On Tuesday, Missouri Democrat Mike Revis won a special election for the state’s 97th House District, barely flipping a district that Donald Trump won by 28 points. Democrats are happy about the victory, using it to argue that voters are generally unhappy with the Republican party. Republicans, meanwhile, are citing idiosyncratic state and local factors—like the allegations that Eric Greitens, the state’s Republican governor, blackmailed his mistress—to explain the loss.
This should all sound familiar. (OK, maybe the blackmail part shouldn’t.) This basic pattern—Democrats strongly outperforming Hillary Clinton’s margin in recent special elections—is nothing new.
This graphic is basically a timeline of House and state legislative special elections since Trump was inaugurated (constructed using data and sources from this Daily Kos Elections spreadsheet). Each point is a special election, and the graphic reads chronologically left to right (more recent elections are farther to the right). The vertical position shows how the special election result compared to 2016 (higher points indicate a greater Democratic over-performance, and lower points mean Republicans outperformed Trump). The size of each circle represents the total number of votes cast for the two major party candidates (bigger circles mean more people voted). And the color represents which party won (pink means Republicans held their seats and dark blue indicates Democrats took over a seat).
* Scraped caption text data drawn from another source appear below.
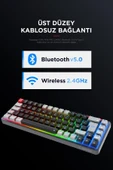 Rampage YORU Mini PRO Siyah/Gri 2.4ghz+BT5.0+Type-C 5 Bağlantı OUTEMU Red Swich Q Mekanik Gaming Oyuncu Klavye RGB - 2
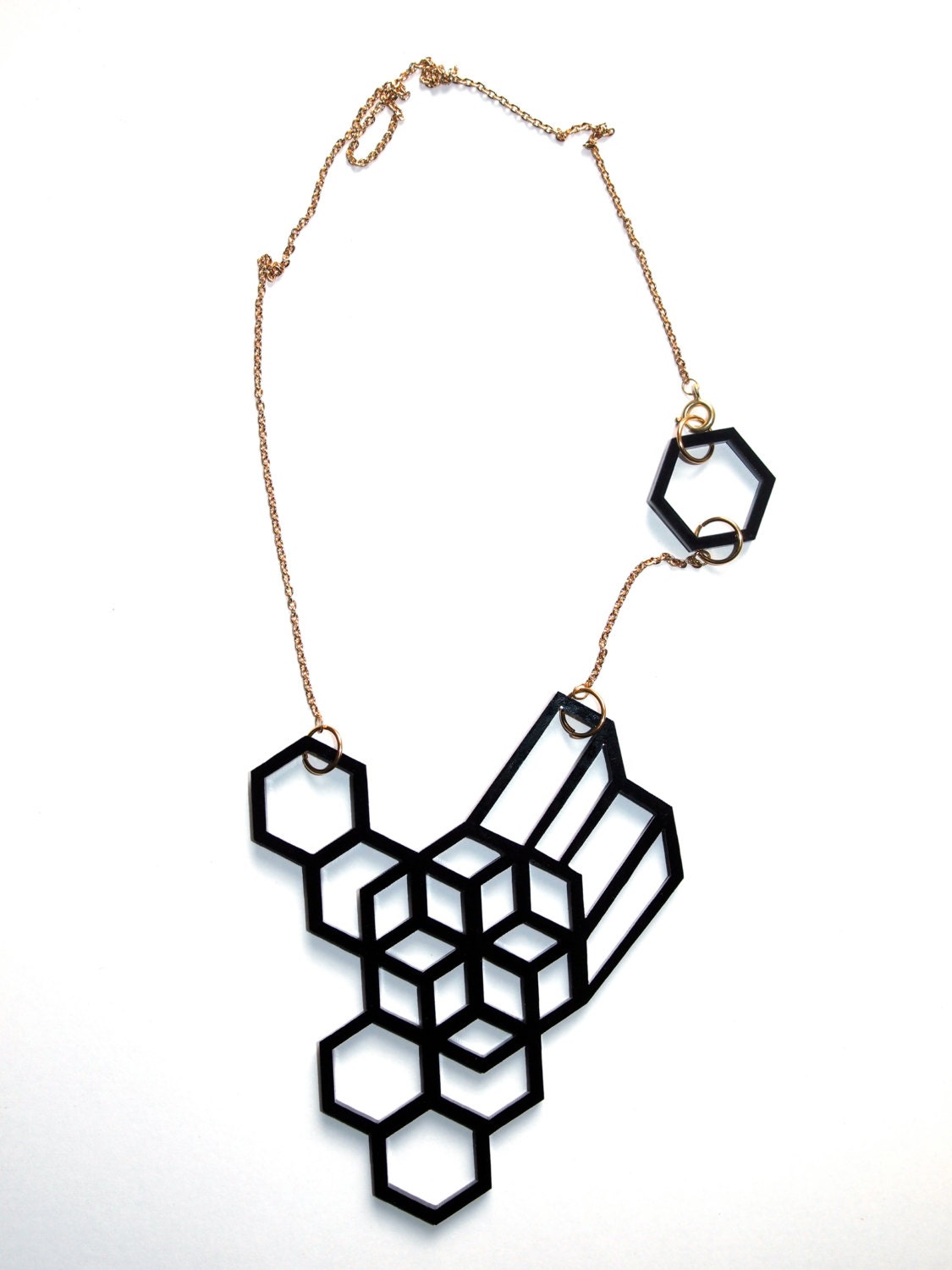 geometric black necklace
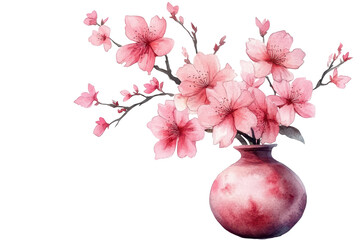 Wall Mural - Delicate pink flowers in a vase for an elegant decor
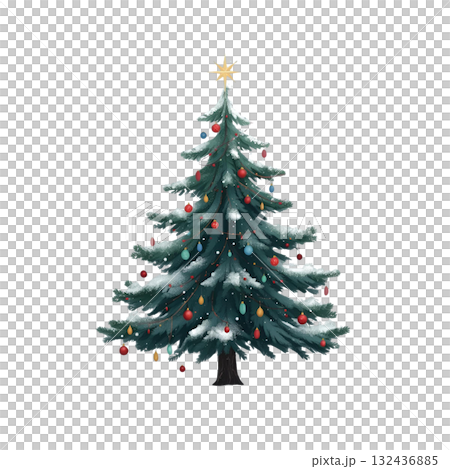 Christmas tree 3d illustration isolated on white background Christmas tree 3d illustration isolated on white background 132436885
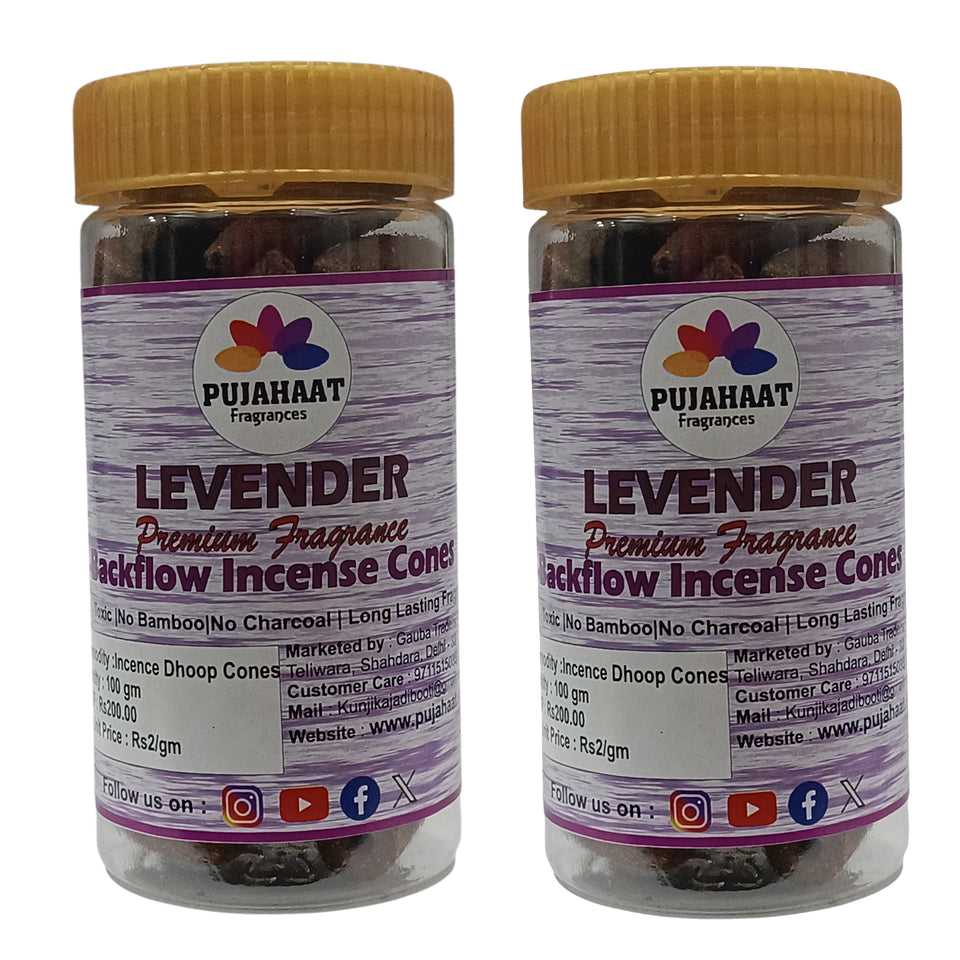 Pujahaat Backflow Incense Cones for Fountain | Long Lasting Fragrance | Premium Aromatherapy Cones for Home, Office, Meditation & Relaxation | 100% Natural Ingredients - Lavender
The message of the graphic (an updated version of the one I posted here) is simple. Democrats have, on average, been outperforming Hillary Clinton since Trump was inaugurated. There’s a lot of variance here (as the graphic shows, results have ranged from Republican overperformance to truly massive Democratic overperformance), but on average these Democrats have outperformed Clinton’s margin by about 12 points.
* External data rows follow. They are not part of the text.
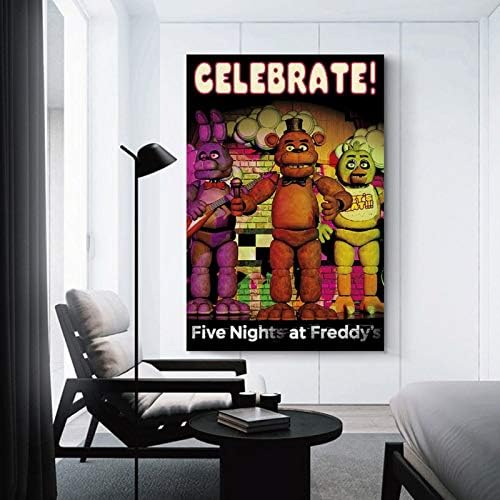 XYDD Fnaf Poster Five Nights at Freddy's Celebrate Poster Canvas Art Poster and Wall Art Picture Print Modern Family bedroom Decor Posters 12x18inch(30x45cm)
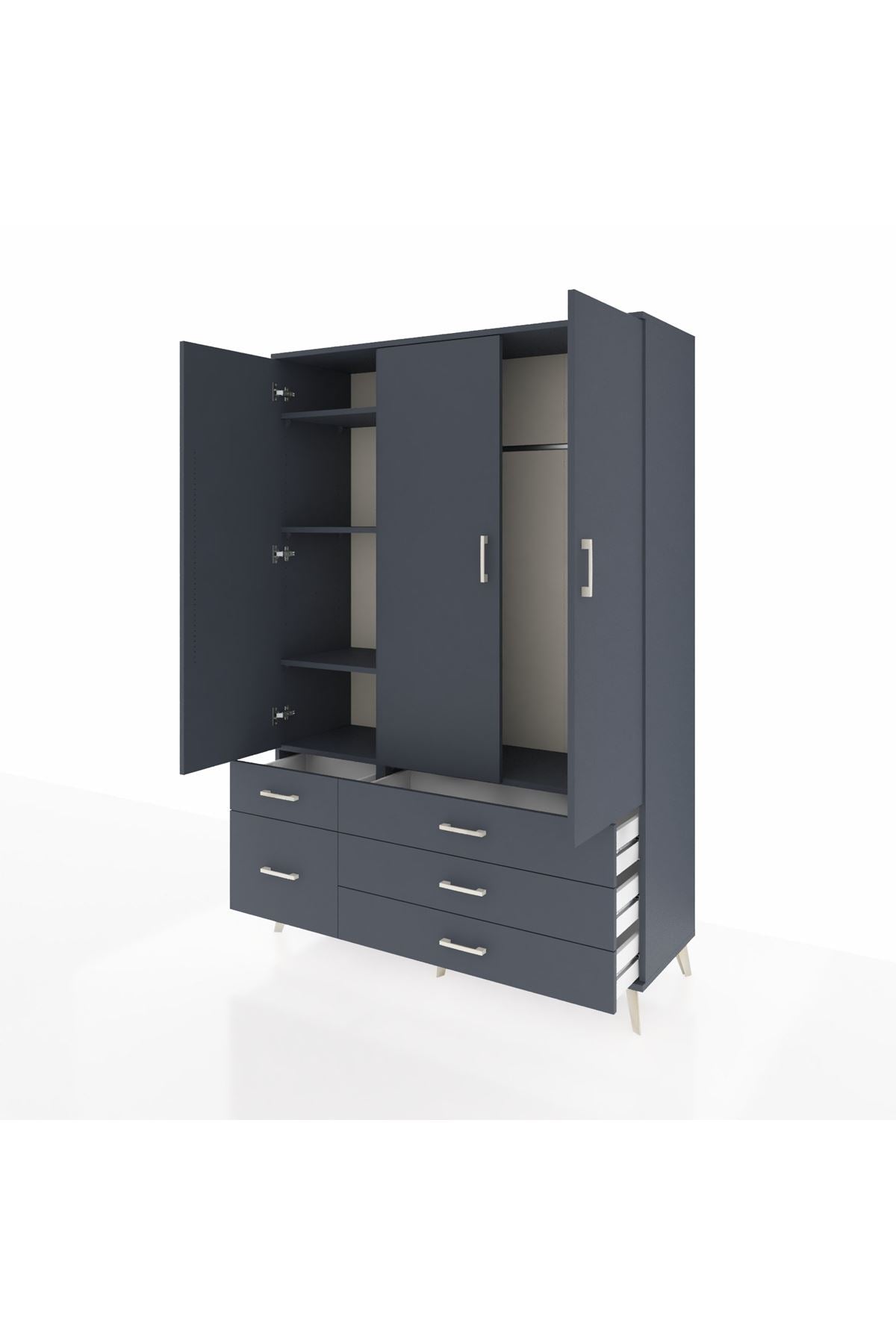 Hyperion Dolap 5 Raflı 5 Çekmeceli Tek Askılı 132x44x195 Antrasit-Antrasit/Antrasit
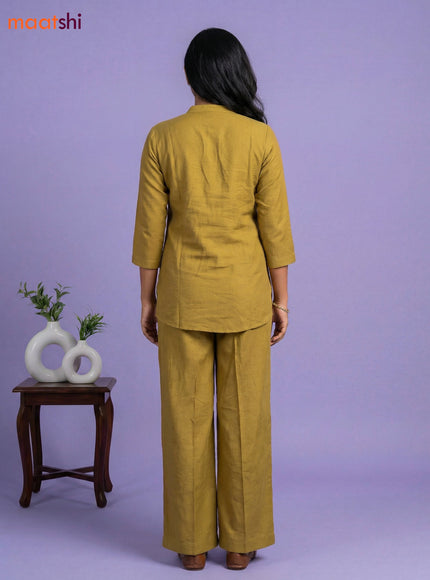 Mustard Green Rayon Embroidery Work Short Co-Ord Set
Revis’s 31-point over-performance is larger than average, and unlike many other Democratic overperformers, he actually flipped the seat. But a quick look at the graphic shows that some other Democratic candidates have performed about as well as Revis has (the small dark blue dot in the top right-hand corner) when compared to the 2016 baseline.
In other words, Revis’s win is consistent with a broader pattern of Democratic overperformance in special elections. These data don’t conclusively tell us whether Revis won by turning out Democrats or persuading Trump voters; other election wonks have made good cases for both, and the explanations aren’t mutually exclusive. But either way, strong Democratic special election performance is a bad sign for the GOP. Special elections, when compared to the appropriate baseline and aggregated, can foreshadow the eventual midterm results. And while Republicans have been gaining in generic ballot polls, these results are a reminder that the House majority is still far from safe.